HL Deb 08 September 1887 vol 320 cc1632-4

(The Viscount Cross.)


Order of the Day for the House to be put into Committee read.

Moved, "That the House do now resolve itself into a Committee upon the said Bill."—(The Viscount Cross.)


said, that, while he fully appreciated the difficulties of Her Majesty's Government in dealing with the course of Public Business in the other House of Parliament, at the same time he thought a measure of this importance, dealing, as it did, with the proprietary rights of the landowners of this country, should have been considered by their Lordships at a time when it could receive the full attention of the House. He regretted that the Bill had been put down for Committee at such short Notice, as he knew that there were several noble Lords who had wished to discuss the question. With regard to the general object of the measure, he had always expressed his opinion in favour of increasing the number of allotments available for the working classes. He objected, however, to the compulsory powers given by the Bill. They had had no evidence before them which would show that there was any difficulty in obtaining allotments; and he thought that before they adopted the principle of the compulsory taking of land contained in the Bill they might have had some further inquiry. It would have been far batter to have rested the Bill upon the readiness of landowners to give allotments, rather than by this compulsory clause to rob them of any credit in the matter. Before adopting that principle they should have tried the voluntary system, and if they had found it fail they could have gone back on to compulsion. He denied, however, that the voluntary system would have failed. He regretted that Her Majesty's Government, whether from Parliamentary or electoral exigencies, had gone as far as they had done in this Bill. He did not propose, however, to offer opposition to the passage of the measure, or to detain their Lordships by moving Amendments.


said, that if the Bill had come before their Lordships at an earlier period of the Session, he might have felt disposed to move certain Amendments. But he did not disapprove of the Bill as a whole, and he cordially-approved of its object. He should be sorry to see it delayed or endangered, and he therefore hoped that it would pass through the House without Amendment, or, at all events, without any Amendment of a contentious character. He thought the Government, especially the President of the Local Government Board, had dealt very fairly and reasonably with the subject in the circumstances in which they had been placed towards the end of the Session.


said, he did not consider the Bill altogether incapable of amendment. If there were time and opportunity it would be possible to make suggestions perhaps of some value in the way of simplifying the methods and machinery of the measure; but it would be most unfortunate at that period of the Session if any Amendment were made which would tend to delay, and possibly to defeat, the Bill. He desired, to know whether Clause 12 of the Bill would permit of the allotment managers turning part of the common land into meadow for the purposes of securing hay. There was some doubt on this point. He must be allowed to express his personal satisfaction, and he also believed that of the great majority of their Lordships, at Her Majesty's Government having been able to deal with the allotments' question that Session; and in spite of the somewhat ominous circumstance that his noble and learned Friend (Lord Bramwell) was in favour of the Bill, he thought it would be found to work well.

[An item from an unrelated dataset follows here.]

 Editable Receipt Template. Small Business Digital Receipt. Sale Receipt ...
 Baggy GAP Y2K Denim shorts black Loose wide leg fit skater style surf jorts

said, he also approved of the Bill; but he desired to move an. Amendment to Clause 12 if, in its present shape, it would not permit the allotment managers to set apart common land for hay, as it would be of little use supplying pasturage for labourers' cows, if moans were not also taken to supply them with hay during winter. He should like to know whether the point had been considered by the Government.


said, the point had been considered, and the Local Government Board were advised that there was nothing in the clause to prevent the allotment managers making provision for the supply of hay, as suggested.


said, that he, too, had been assured by a high authority that the clause in its present form would have the effect desired.


said, he could not allow the debate to close without expressing his acknowledgments to the House for the way in which the Bill had been received.

Motion agreed to; House in Committee accordingly; Bill reported without Amendment, and to be read 3a To-morrow.